“Well. That’s true,” Viv said. “Still, for all that, not sure I can roll over for a little man in a big hat and a silly shirt.”
Laney chuckled darkly. “Never mind the man in the hat. The Madrigal’s what you want to worry about, and nothin’ silly about them.”
“I’ll be careful,” said Viv.
They stood in companionable silence for a few minutes.
Viv glanced sidelong at Laney’s mug of tea. “Say, you ever have coffee?” she asked.
Laney blinked at her and looked affronted. “Why, I never have. And the way I was brought up, a lady doesn’t talk about her maladies,” she said primly.
Viv barked a laugh, to the old woman’s great annoyance.
* * *
Viv movedher bedroll and lantern to the loft under the slope of the roof. The smell of coffee beans filtered up through the cracks in the boards, and she inhaled it deeply, like a warm, earthy memory. The tarpaulin thumped like a distant drum in the occasional gust of wind.
In the lantern’s light, Blackblood gleamed where it leaned against the wall. Viv stared at it for a long time and thought about the man in the hat and the Madrigal. She felt a sudden impulse to sleep next to the blade, as she had in a hundred campsites and bivouacs.
She deliberately turned away, extinguished the lantern, and filled her lungs with the dark smell from below.
On the roof, there was a solid thud, followed by a rhythmic heavy padding and a scratching clatter on the tiles, but she was already beginning to doze, and she lost it in the sound of the tarpaulin.
Then she was asleep.
4
The lumber, tiles, and other supplies came in piecemeal over the next few days. Showers came and went, then the sky cleared entirely. When it did, Viv and Cal repaired the hole in the roof, shucking old tiles down through the gap to shatter on the floor. She was surprised at how many of the timbers they had to take up to mend it fully.

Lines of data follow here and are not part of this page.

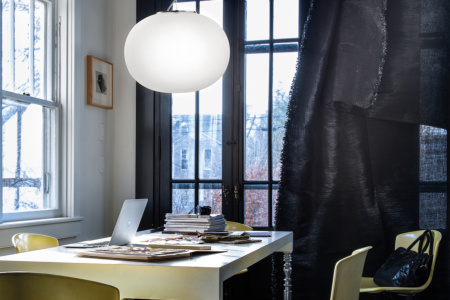 Lucciola Suspension Light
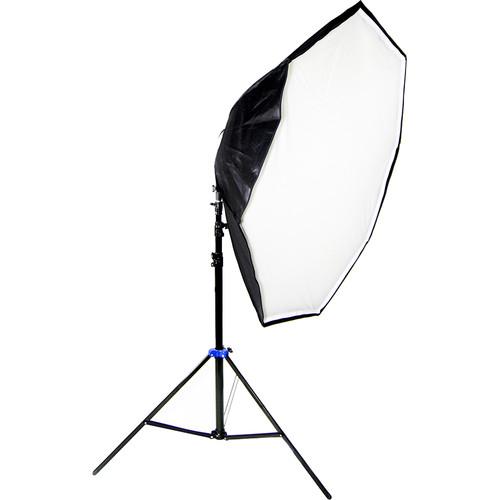 Savage Modmaster Octagonal Beauty Dish for Speedlights (48")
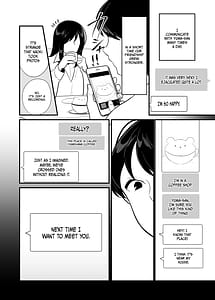 Page 7: 006.jpg | Kanojo no Haha ni Taberareru Yuuwaku sarete Naisho no Furin Kankei | View Page!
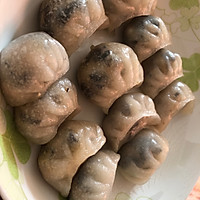 水晶饺的做法图解3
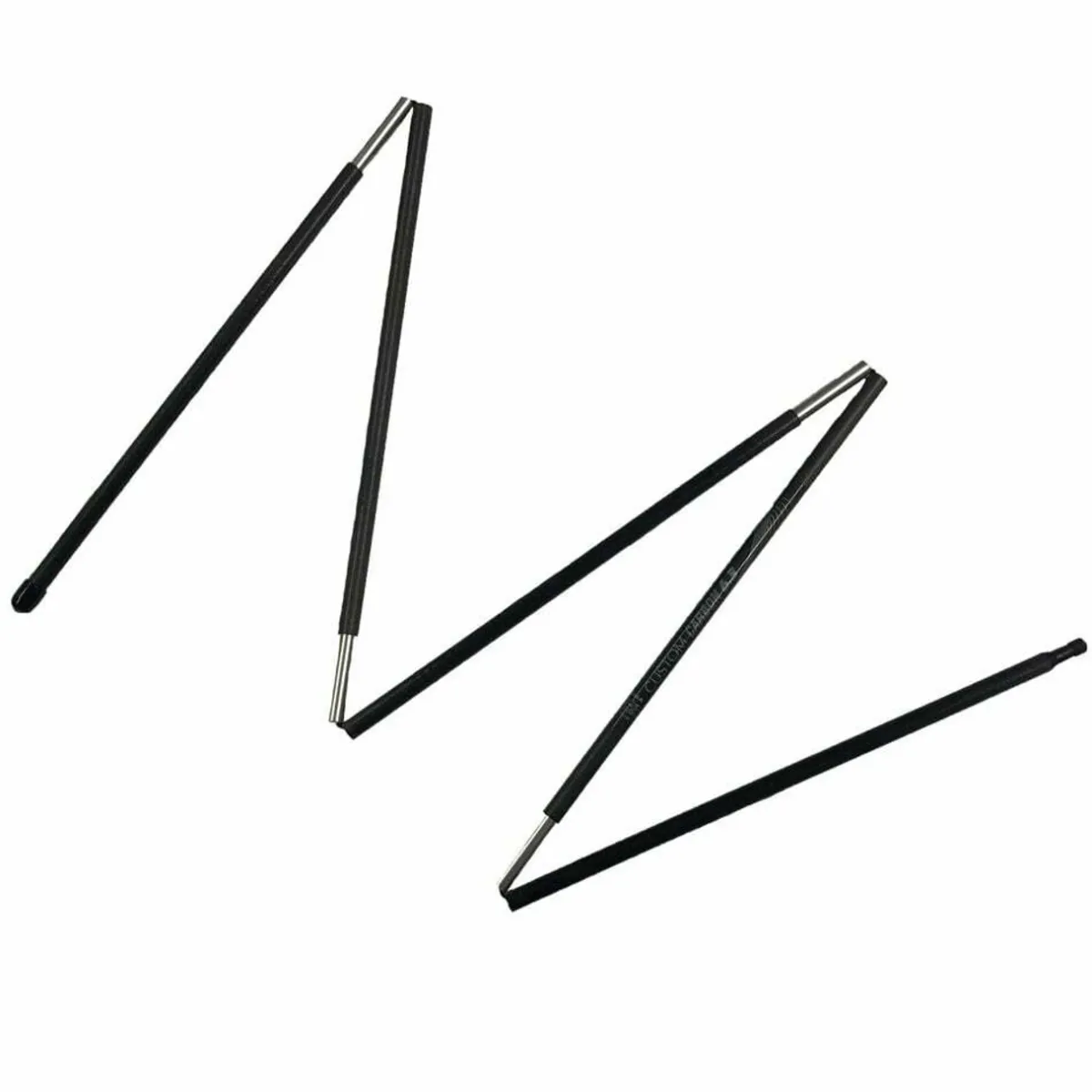 Six Moon Designs 49" 5 Section Carbon Fiber Tent Pole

Cal was just as methodical and mindful about the repair work as she’d hoped. It was a hard two days of labor for the both of them, but the roof was fully proof against water again.
Next, Cal examined the interior, sounding the boards with a knuckle and several times digging a fistful of dry-rotten wood out and shaking his head at it. After four days of prying out old timber and nailing in fresh, Viv started to wonder if they might have been better off rebuilding the whole damn thing. She rented the cart from the miller again to haul away the debris.
They built a permanent and sturdier ladder into the loft. Viv was a fast study and a reasonable hand with a hammer and nails. Accurately slinging a slab of metal and striking a target was squarely within the realm of her abilities.
When Cal first clambered into the loft and spied Blackblood glimmering darkly in the corner, he made no comment on it. “Cozy,” he said instead. “Be wantin’ a bed and dresser, no doubt.”
“No need,” said Viv. “I’m used to sleeping rough.”
“Used to ain’t the same as ought to.” But he pressed no further, and that was that.
In the main stable area, they did as Cal had suggested, cutting down the stall walls and converting each into a sort of booth. The hob boxed in neat U-benches along the interiors. They pre-assembled tabletops, and Viv easily orc-handled them into place across trestles.
Viv cut two high windows into the northern and eastern walls, letting the morning sun crawl down from the loft and into the new dining area.
They sanded the office counter and added a hinged extension to the end for extra workspace. Cal repurposed some old tack shelves and moved them to the back wall of what Viv now thought of as the storefront. He also managed to replace some cracked panes in the mullioned front window next to the smaller door.
“Well, doesn’t look much like a stable anymore,” observed Viv, watching him fit in the last bit of glass.
“Hm. Mighty pleased it quit smellin’ like one too.”
* * *
One afternoon,Viv returned from the cooper with a water barrel on one shoulder and a few buckets in hand. She tucked the barrel in the corner, back of the counter. She drew water from the well a few blocks down, and Cal checked for leaks as she filled it.
They converted the backroom of the office into a pantry with more shelves. Viv consulted her notes and excavated a pit that she insulated with clay for cold storage. Cal added a neat, hinged door.
Viv did the ladder-work of whitewashing the front, while Cal re-chinked mortar between the river stones low on the walls.